5.    Bab V (Kerja sama dan Implikatur)
        Pada pembahasan sebelumnya kita berasumsi bahwa penutur dan pendengar yang terlibat dalam percakaapan umumnya saling bekerja sama. Misalnya untuk keberhasilan suatu referensi, diharapkan kerja sama menjadi factor utama. Ketika menerima preupposisi penutur, pendengar harus berasumsi bahwa seorang penutur yamg mengtakan “mobil saya’ memeng benar-benar memiliki mobil yang disebutkan dan tidak mencoba untuk menyesatkan pendengar. Bentuk kerja sama yang seperti ini ialah bentuk kerja sama yang sederhana dimana orang-orang yang sedang berbicara umumnya tidak diasumsikan tidak berusaha membingungkan informasi yang relevan satu sama lain. Prinsip kerja sama ialah membuat percakapan anda sendiri seperti yang diminta, pada taraf dimana percakapan itu terjadi, dengan maksud atau arah pergantian bicara yang dapat diterima  dimana anda terlibat didalamnya.
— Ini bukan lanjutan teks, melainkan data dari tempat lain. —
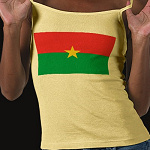Burkina Faso Flag Map Spaghetti Top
         Imperator dasar percakapan terjadi apabila asumsi dasar percakapan adalah jikalau tidak ditunjukkan sebaliknya bahwa peserta-pesertanya mengikuti prinsip kerja sama dan maksim-maksim. Imperator percakapan umum terjadi apabila pengetahuan khusus tidak mempersyaratkan untuk memperhitungkan makna tambahan yang disampaikan. Impiratur berskala ialah bahwa semua bentuk dari skala yang lebih tinggi dilibatkan apabila bentuk apapun dalam skala itu dinyatakan. Imperator percakapan khusus ialah percakapan yang terjadi dalam konteks yang khusus  dimana kita mengasumsiakn informasi secara local.

6.    Bab VI (Tindak Tutur dan Peristiwa tutur)
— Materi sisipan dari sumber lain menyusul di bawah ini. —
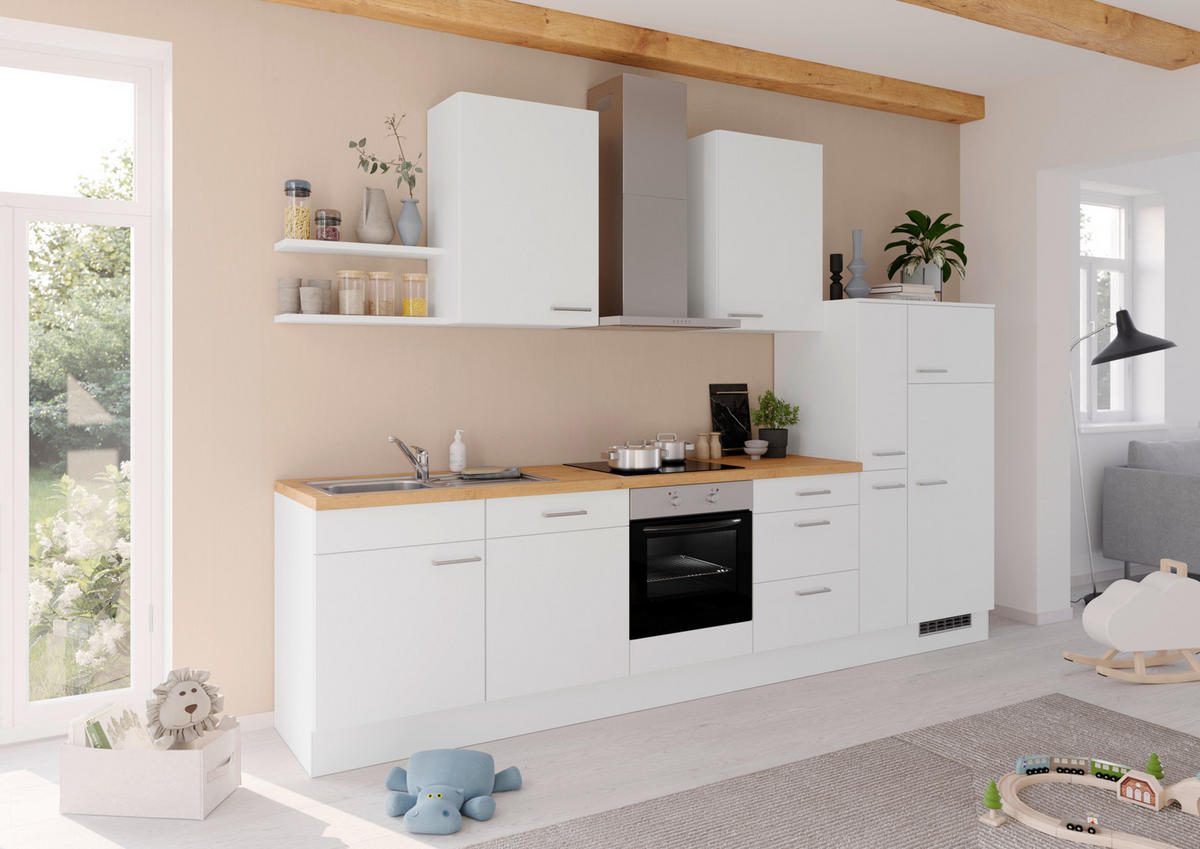 KÜCHENBLOCK 330 cm   in Weiß  - Edelstahlfarben/Eichefarben, Design, Holzwerkstoff/Metall (330cm) - Impuls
        Dalam usaha untuk mengungkapkan diri mereka orang-orang tidak hanya menghasilkan tuturan yang mengndung kata-kata dan struktur-struktur gramatikal saja, tetapi mereka juga memperhatikan tindakan-tindakan melelui tuturan itu. Istilah-istilah deskriptif yang berlainan untuk tindak tutur yang berlainan digunakan untuka maksud komunikatif penutur dalam menghasilkan tuturan. Penutur berharap agar maksud komunikatifnya akan dimengerti oleh pendengar. Penutur dan pendengar biasanya terbantu terbantu oleh keadaan disekitar tuturan itu. Keadaan semacam initermaksud juga dalam tuturan-tutura yang lain , disebut peristiwa tutur. Dalam banyak hal peristiwa tuturlah yang menentukan penafsiran terhadap suatu tuturan ketika menampilkan suatu tindak tutur khusus.
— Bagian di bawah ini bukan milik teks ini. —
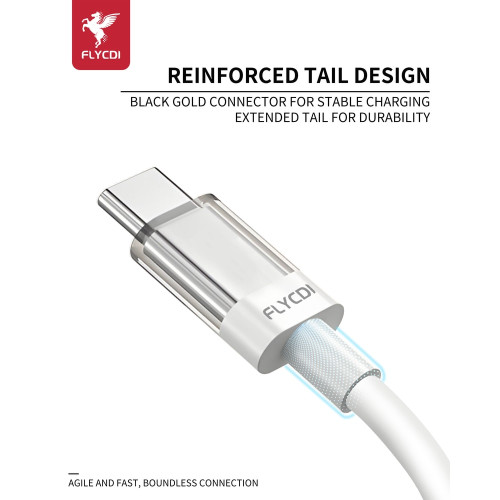 Кабель FLYCDI FLK005 Type-C – Type-C (1 м · 45W · 6A) (White)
        Pada sutu saat \, tindakan yang ditampilkan dengan menghasilkan suatu tuturan akan mengandung tiga tindak yang saling berhunungan. Yang pertama adalah tindak lokusi, yang merupakan tindak dasar tuturan atau menghasilkan suatu ungkkapan linguistic yang bermakna. Kita membentuk tuturan dengan beberapa fungsi didalam pikiran. Ini adalah dimensi kedua  atau tindak ilokusi. Tentu kita secara tidak sederhana menciptakan tuturan yang memiliki fungsi tanpa memasukkan tuturan itu memiliki akibat. Inilah dimensi ketiga, tindak perlokusi.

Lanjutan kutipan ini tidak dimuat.